■ Task data ■
* * * *

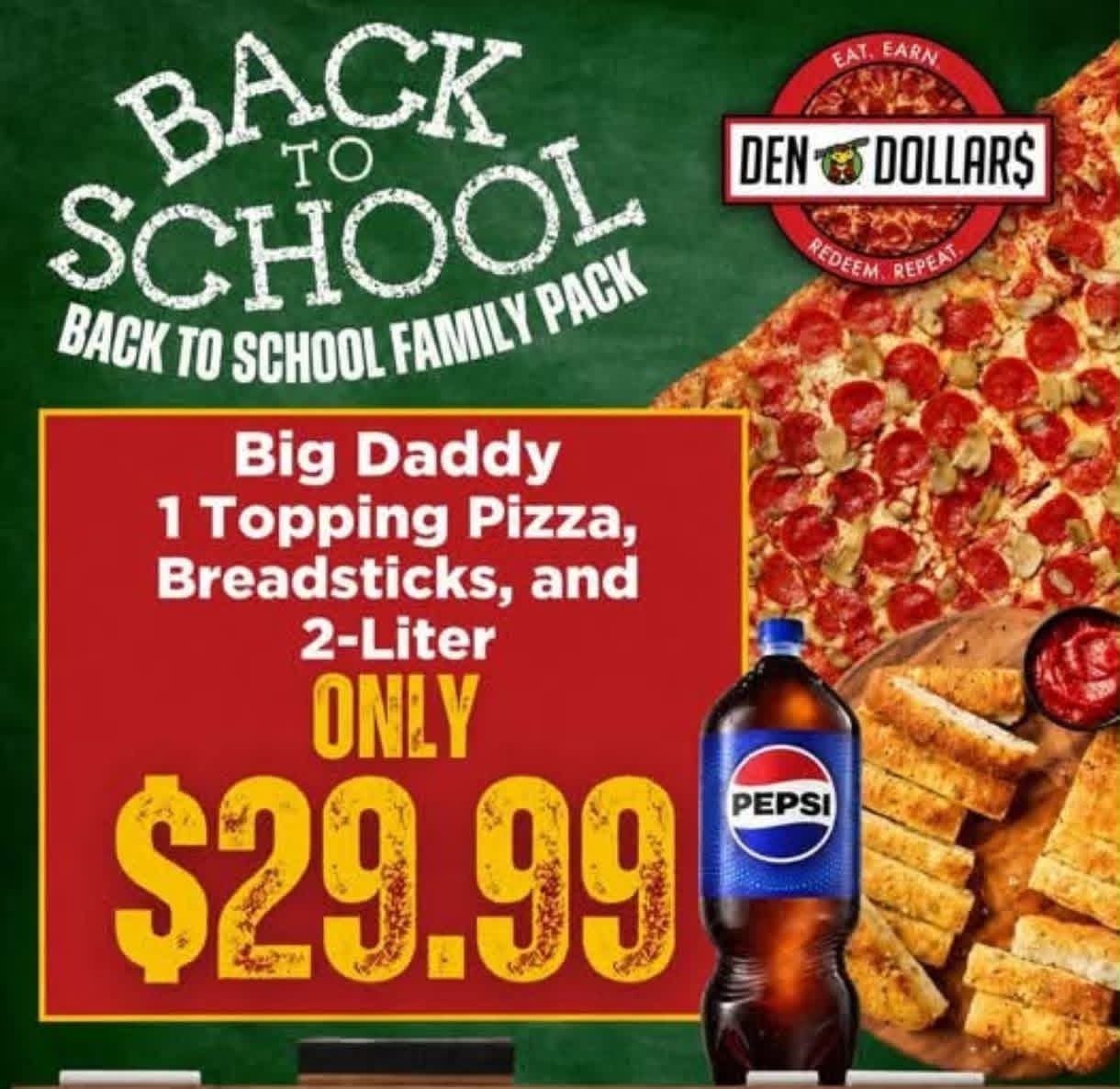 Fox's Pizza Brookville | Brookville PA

* * * *

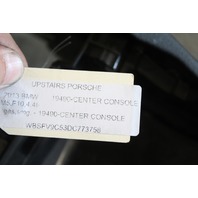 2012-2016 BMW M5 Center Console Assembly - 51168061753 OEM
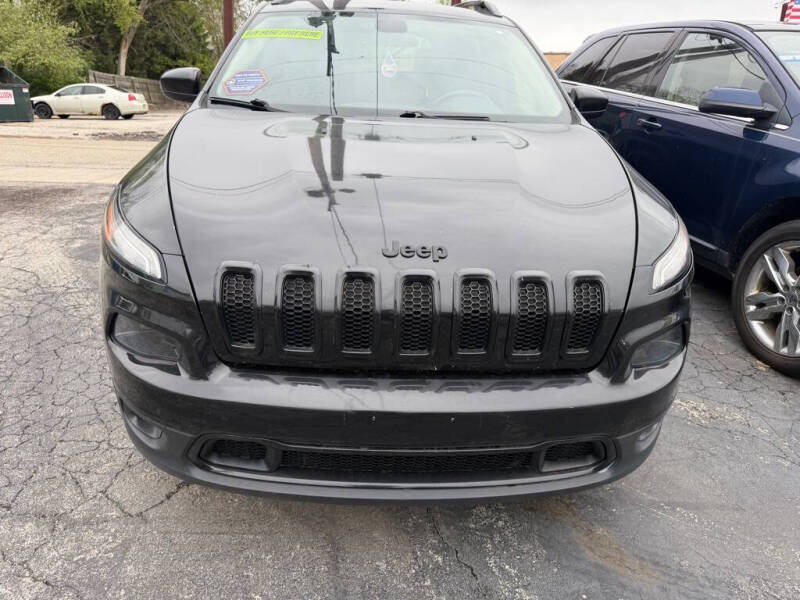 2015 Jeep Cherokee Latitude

* * * *

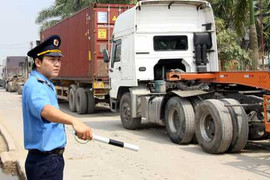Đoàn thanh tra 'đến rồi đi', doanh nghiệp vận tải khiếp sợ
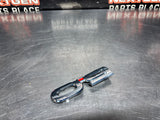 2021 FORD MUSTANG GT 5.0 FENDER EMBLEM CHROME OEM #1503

* * * *

■ Task to complete ■
Within the material above, only the stretch from the line holding "Đoàn thanh tra" through the line holding "2021 FORD MUSTANG" is to be restated exactly. Pictures are dropped.

■ The answer ■
Đoàn thanh tra 'đến rồi đi', doanh nghiệp vận tải khiếp sợ
 2021 FORD MUSTANG GT 5.0 FENDER EMBLEM CHROME OEM #1503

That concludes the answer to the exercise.